As autoridades de saúde alemãs ainda estão à procura da fonte da infecção, enquanto permanecem em alerta com os alimentos. Hamburgo tem 569 pacientes afetados pela bactéria EHEC. No surto de infecção por EHEC no norte da Alemanha, as preocupações com o surto de E.coli é agravado pela falta de origem infecciosa. Morreram em todo o país 15 pessoas, incluindo 13 mulheres, desde o início da onda infecciosa de EHEC 0104, também houve outra fatalidade, na Suécia, embora seja uma pessoa que tinha viajado para a Alemanha. Das 110 pessoas que deram entrada em hospitais de Hamburgo desenvolveram a síndrome hemolítica urêmica perigosa, conhecida por seu acrônimo HUS, sigla em inglês. Breetz sublinhou que o atual surto de infecção por EHEC é inédito na Alemanha.
Aguilar: "Não há nenhum problema na fonte"
Pouco antes do anúncio dos primeiros resultados da análise, o ministro do Meio Ambiente, Assuntos Rurais e Marinhos, Rosa Aguilar, fez uma vigorosa defesa da inocência de agricultores espanhóis nesta crise. Desde então, de Debrecen (Hungria), onde participou de uma reunião informal dos ministros da agricultura da UE para enfrentar a crise. "Nós entendemos que não há nenhum problema na fonte", disse Aguilar. E logo depois pediu à Alemanha para "agilizar a análise" afim de encontrar a fonte da bactéria, que, como lembrou Aguilar, apenas as pessoas que foram a Hamburgo, incluindo o caso do homem que foi internado em São Sebastião e a vítima mortal da Suécia, o primeiro caso fora da Alemanha.

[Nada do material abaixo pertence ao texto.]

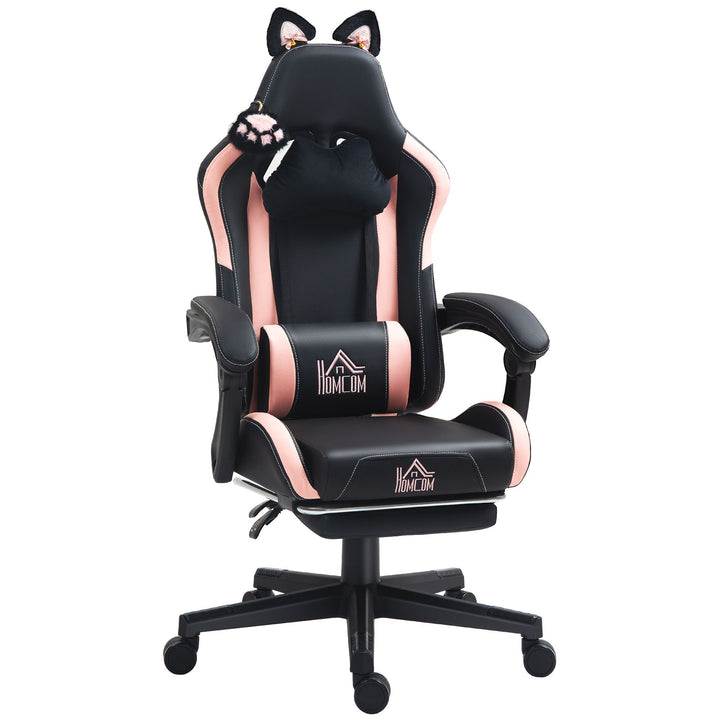 HOMCOM Cute Racing Gamer Chair, Faux Leather Gaming Chair with Footrest, Headrest and Lumbar Support, Black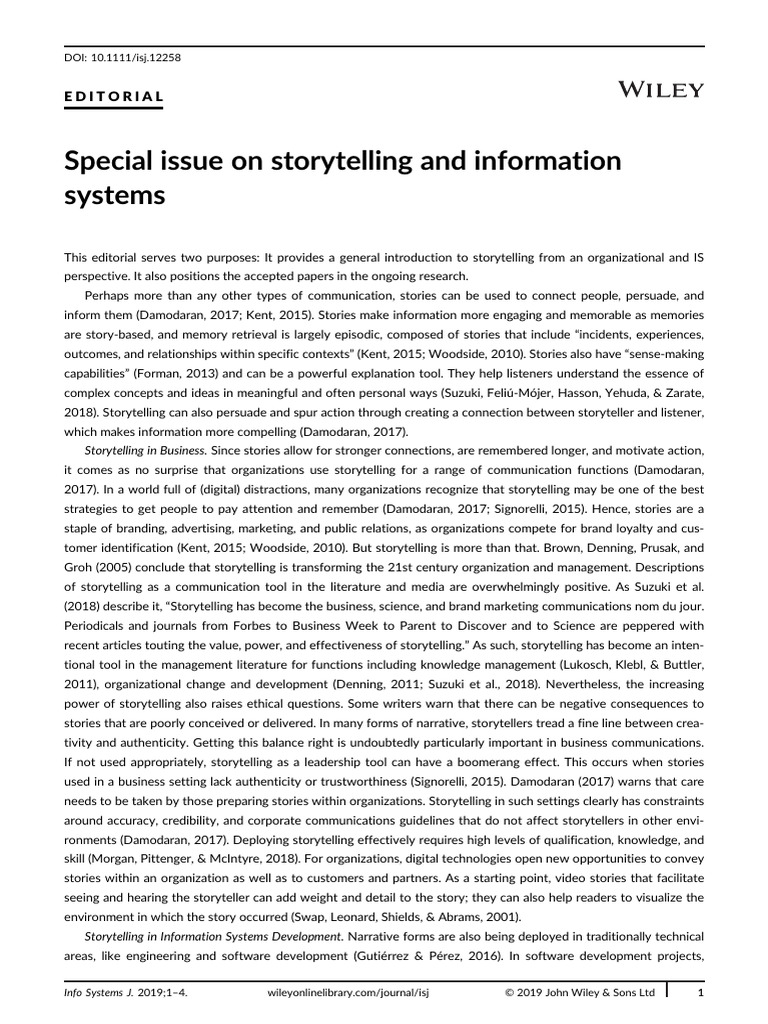 Storytelling in Information Systems | PDF | Storytelling | Communication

Na chegada, a Hungria, Aguilar afirmou que a Espanha vai a Bruxelas exigir uma indemnização por danos causados ​​a produtores de hortaliças espanhóis. "Nós temos uma situação extremamente grave e importante para o setor e acreditamos no Conselho, que hoje celebramos ter que tomar medidas especiais e de emergência para o setor produtivo, não só espanhol, mas da União Europeia" disse o ministro antes da reunião. Durante o mesmo foi decidido a realização de um conselho extraordinário de ministros da Agricultura dos Vinte países europeus, provavelmente no próximo dia 17 de junho para discutir a situação decorrente da crise.


Os representantes alemães em Debrecen, o Secretário de Estado da Agricultura, Roberto Kloos, e o ministro da Indústria, Ilse Aigner, preferiram não ficar em Berlim para lidar com a crise. Durante a reunião, com alguma tensão entre Aguilar e Kloos, de acordo com fontes diplomáticas citadas pela France Presse, o secretário de Estado alemão defendeu a atuação das autoridades de Hamburgo. No entanto, em declarações à Reuters localizados nos corredores da reunião, Kloos disse que "os pepinos espanhóis não são a causa" da crise de alimentos. As acusações da Espanha não são os únicos ouvidos por Kloos. O ministro belga, Sabine Larelle, descreveu como "irresponsável" a ação alemã no caso e disse ainda que "novos atrasos [na identificação da fonte] não são razoáveis."